Ninety-six Percent of Mainland Tourists Will Continue to Shop in Future Trips
But Trade Down in Amount Spend
HONG KONG, November 11, 2014 – The frequency of mainland tourists visiting Hong Kong has declined from 2.7 times to 2.2 times in average over the past 12 months, with a trend that shows they are spending less of their time and value on shopping, according to Nielsen. With the declining retail sales value in the first nine months as indicated by HKSAR, a thorough understanding about mainland tourists shopping behavior is crucial more than ever in view of recent challenging and competitive business landscape in Hong Kong.
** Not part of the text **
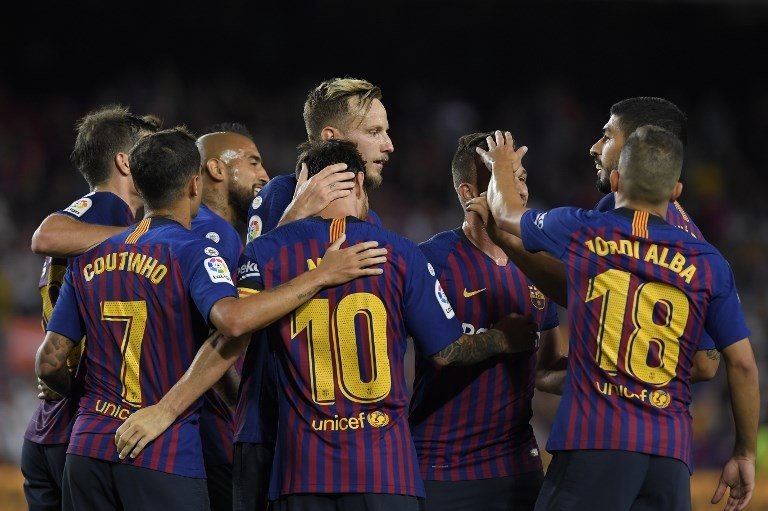 Pemain Barcelona merayakan gol Lionel Messi ke gawang Deportivo Alaves (Lluis Gene/AFP)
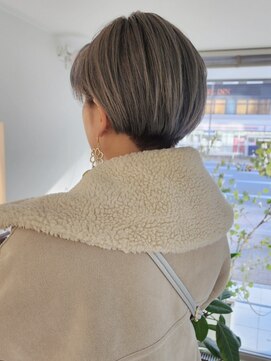 インビテーション(invitation) ダブルカラー◎グレージュ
Nielsen’s Mainland Tourist Study analyzed the shopping behavior and experience of different segments of Mainland Chinese visitors in Hong Kong and Macau and how it has evolved since 2010. Conducted from late August to early September 2014, the survey is based on online interviews of 1,131 mainland visitors from Tier 1 to Tier 3 cities, aged between 18 and 65, who had travelled to Hong Kong or Macau over the past 12 months. The report provides insights about mainland tourists’ purchase patterns and experiences in Hong Kong and Macau.
The Evolution of Mainland Tourists
According to Nielsen’s survey, the average actual spending among mainland tourists has reduced from HK$24,832 in 2013 to HK$21,914 in 2014, representing a 12% decline. There is also a decline in monthly personal or household incomes among those respondents compared to 2013. On the other hand, 95% of mainland tourists, including those from Guangdong region, preferred to stay over in Hong Kong versus day-trip, representing a 6-percentage-point increase compared to 2013.
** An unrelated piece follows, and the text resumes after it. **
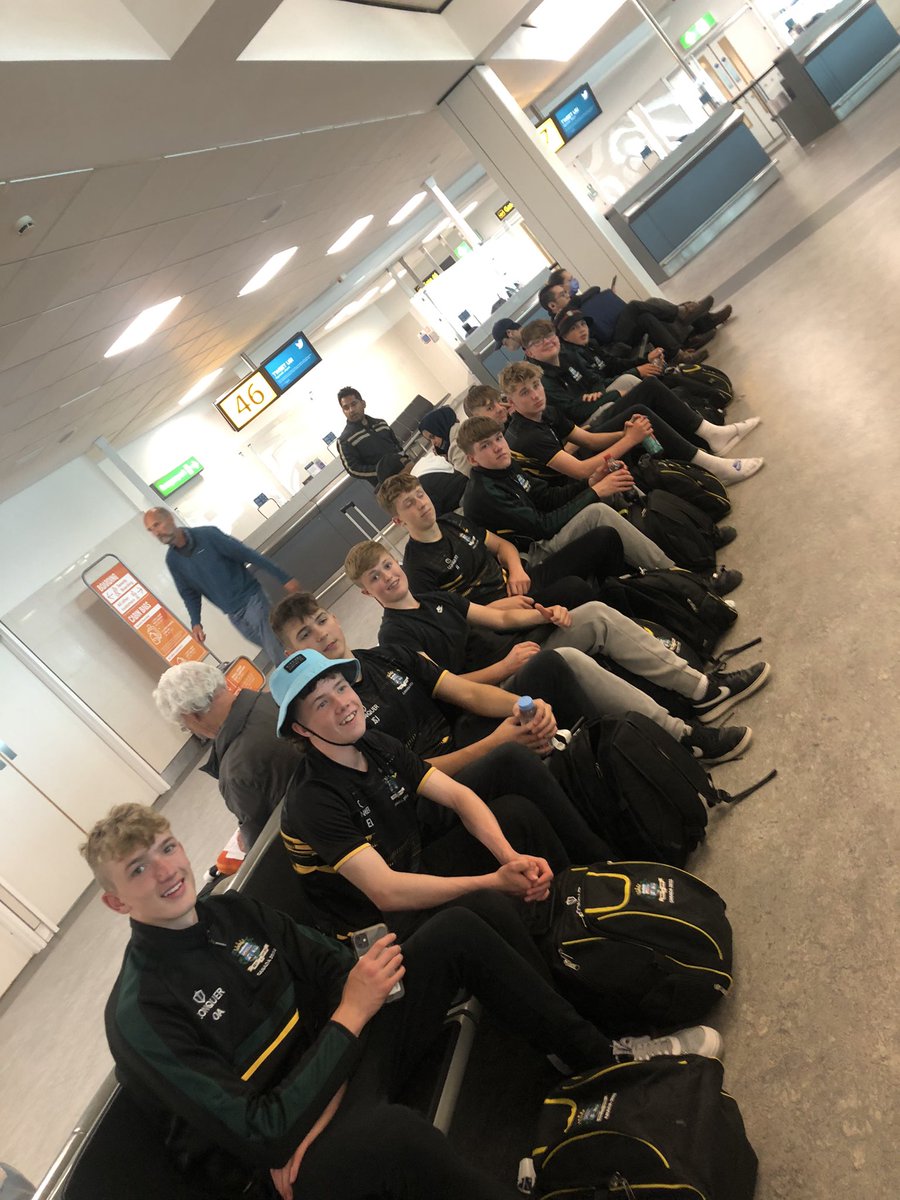BishopstonPE's tweet photo. 🇨🇦🇨🇦🇨🇦 Waiting to board! https://t.co/EnYOKFVqhr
“Despite the change in spending activity, shopping is still the core activity for most mainland tourists,” said Eva Leung, managing director of Nielsen Hong Kong and Macau. “Our survey found that 96% respondents claimed they will come for shopping on their next trip to Hong Kong, but spend an average of 10-20% less than the past. The decline is most notable among non-Guangdong Tier 1 consumers.”
What They Buy and How They Shop?
Jewelry and watches, cosmetics and personal care products are the Top three items mainland tourists said they purchased more when visiting Hong Kong. Among the four China regions, tourists coming from non-Guangdong Tier 1 cities (such as Beijing and Shanghai) are more mature by age with higher spending intentions for cosmetics (82% claimed a purchase), jewelry and watches (70%) and tobacco (35%).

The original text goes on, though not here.